Da dove arrivano questi vestiti?

Tessuti e materiali rappresentano solo una piccola parte della filiera produttiva che rende insostenibile e dannosa l’industria del fast fashion. Un primo aspetto, molto facile da verificare leggendo le etichette, è quello dei luoghi di produzione: gli stessi di tutte le altre collezioni, dalla Cina all’Europa dell’Est passando per India e Bangladesh. Stiamo dunque parlando di capi che hanno viaggiato per migliaia di kilometri prima di arrivare in vetrina o sulla soglia di casa nostra consegnati dal corriere. Aggiungendo l’impatto del trasporto aereo o via nave a quello dei tessuti ecofriendly, ecco che l’impronta ecologica della t-shirt in cotone bio diventa ben più pesante di quanto potesse sembrare a prima vista.

Chi ha prodotto le collezioni “sostenibili”?

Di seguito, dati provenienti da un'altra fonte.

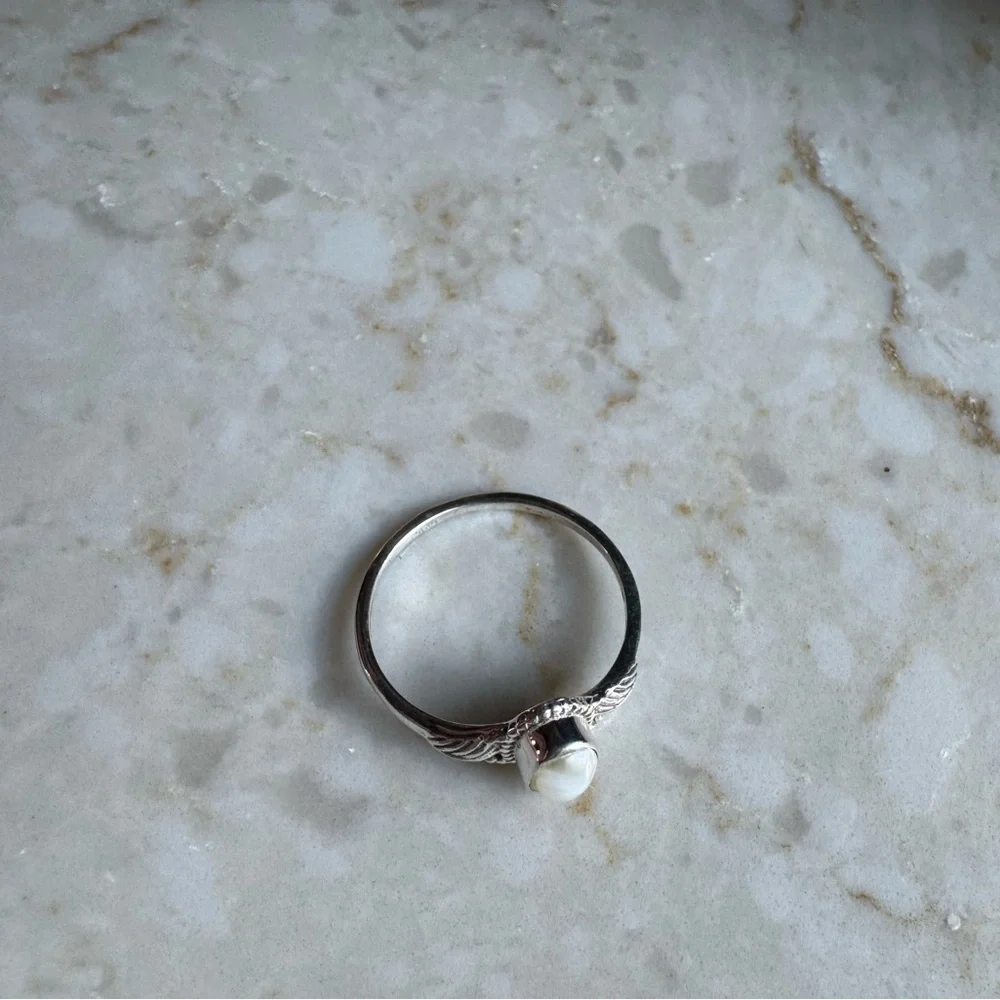 NWOT Sundance Moonlit Garden Ring, Mother of Pearl, Sterling Silver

I luoghi di produzione ci portano immediatamente ad un altro tema caldo del fast fashion, ovvero lo sfruttamento della manodopera. Per poter produrre vestiti al ritmo di 52 collezioni all’anno, conscious collection comprese, e a prezzi sempre più bassi, bisogna mettere in conto che il margine di ricavo sia fatto (anche) sui salari dei lavoratori che tagliano e cuciono quei tessuti per trasformarli nei vestiti che arriveranno sugli scaffali. Le condizioni di sfruttamento ed estrema povertà degli operai impiegati nelle fabbriche del fast fashion sono una realtà ben documentata da molti libri e documentari, tra cui il più conosciuto resta The True Cost.

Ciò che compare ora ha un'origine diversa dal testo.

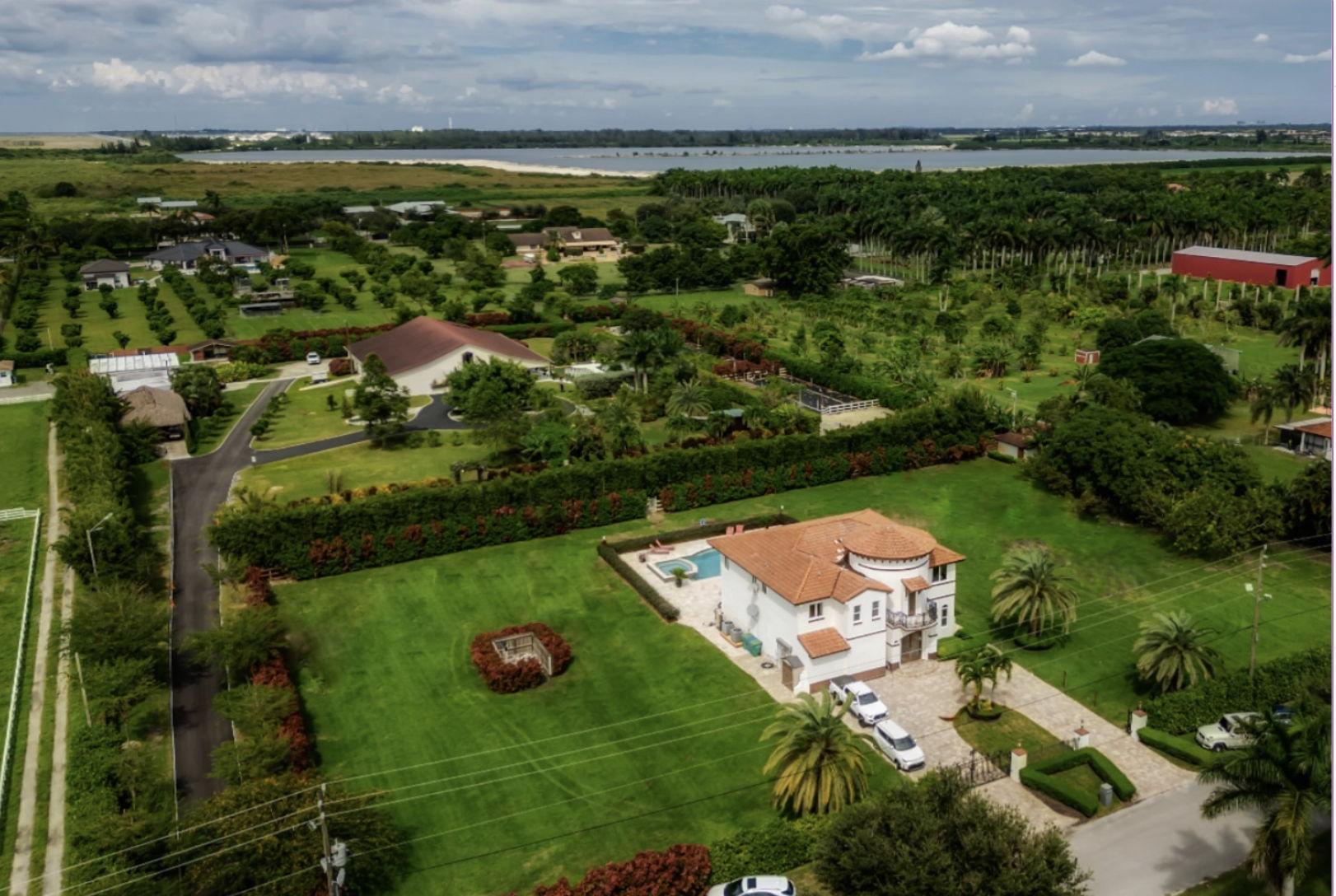 The Wedding Website of Emily Baldomero and Abdiel Garlobo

Comprare, comprare, comprare…

Infine, rimane il fatto che queste collezioni sostenibili rappresentano una parte davvero minima dell’enorme produzione annuale dei brand. Una piccola parte, destinata però a contribuire ulteriormente al ricambio costante delle proposte in vetrina, alimentando il circolo vizioso degli acquisti compulsivi tipico del fast fashion – complice il battage pubblicitario che le accompagna.